◆ **REQUIREMENT**:
Restate word for word the lines below that run from the one holding "Hofstein Warga Wandleuchte" through the one holding "Black Cat What", inclusive. Pictures don't belong in the copy.

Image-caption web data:

---+---

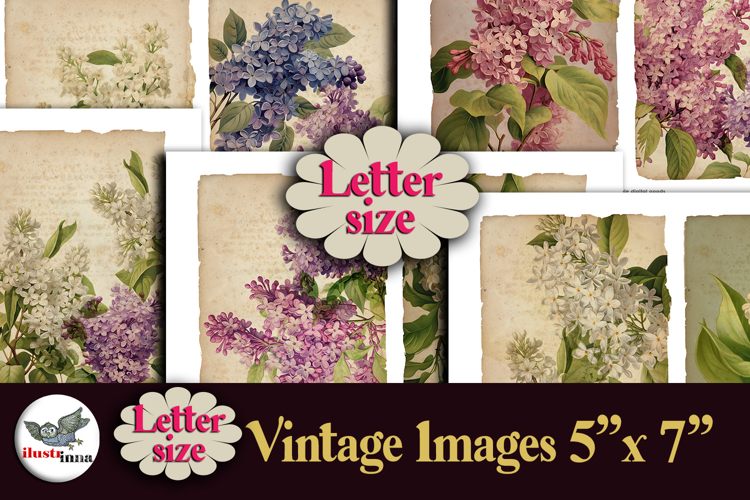 Vintage Lilac Flowers Printable Kit 5x7 Letter
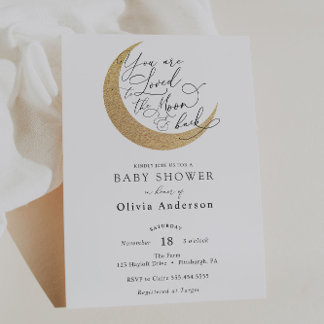 Invitación Me encantó la luna y el Baby Shower neutral de atr
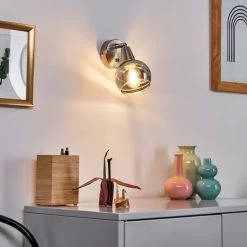 Hofstein Warga Wandleuchte LED Nickel-Matt, 1-flammig -Wandleuchten Verkaufsgeschäft warga wandleuchte h3395387 6
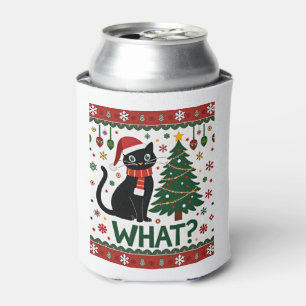 Black Cat What Pushing Christmas Tree Funny Cat Xm Can Cooler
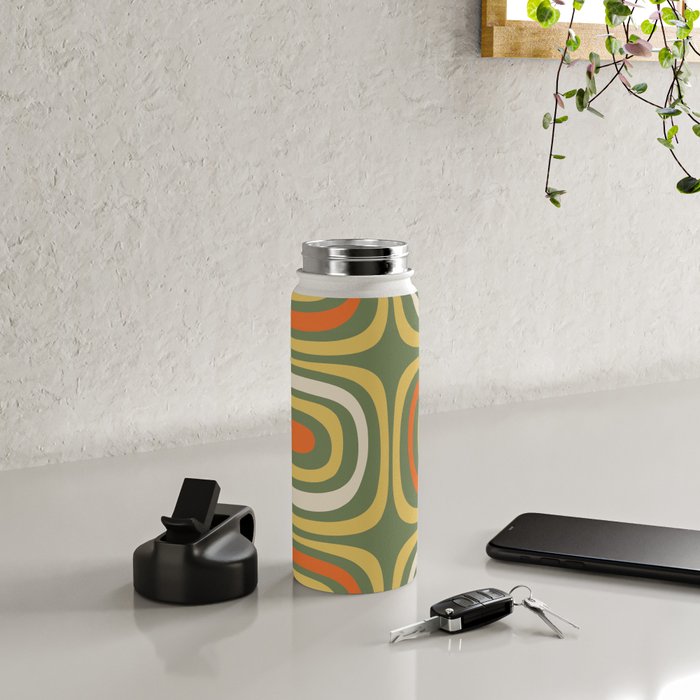 Retro Abstract Boho Confaab Vertical Pattern in Mossy Olive Green Orange Yellow Water Bottle Gallery Image 4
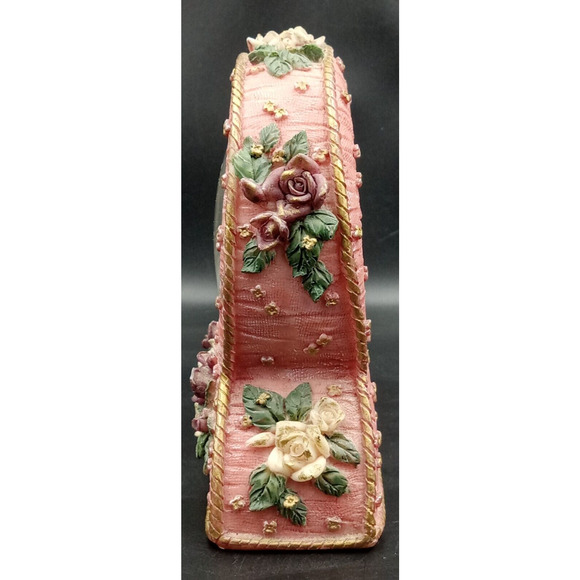 Beautiful Ganz Quartz Pink Floral Clock (doesn't work, may need battery ) - Picture 8 of 12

---+---

◆ **SOLUTION TO THIS EXERCISE**:
 Hofstein Warga Wandleuchte LED Nickel-Matt, 1-flammig -Wandleuchten Verkaufsgeschäft warga wandleuchte h3395387 6
 Black Cat What Pushing Christmas Tree Funny Cat Xm Can Cooler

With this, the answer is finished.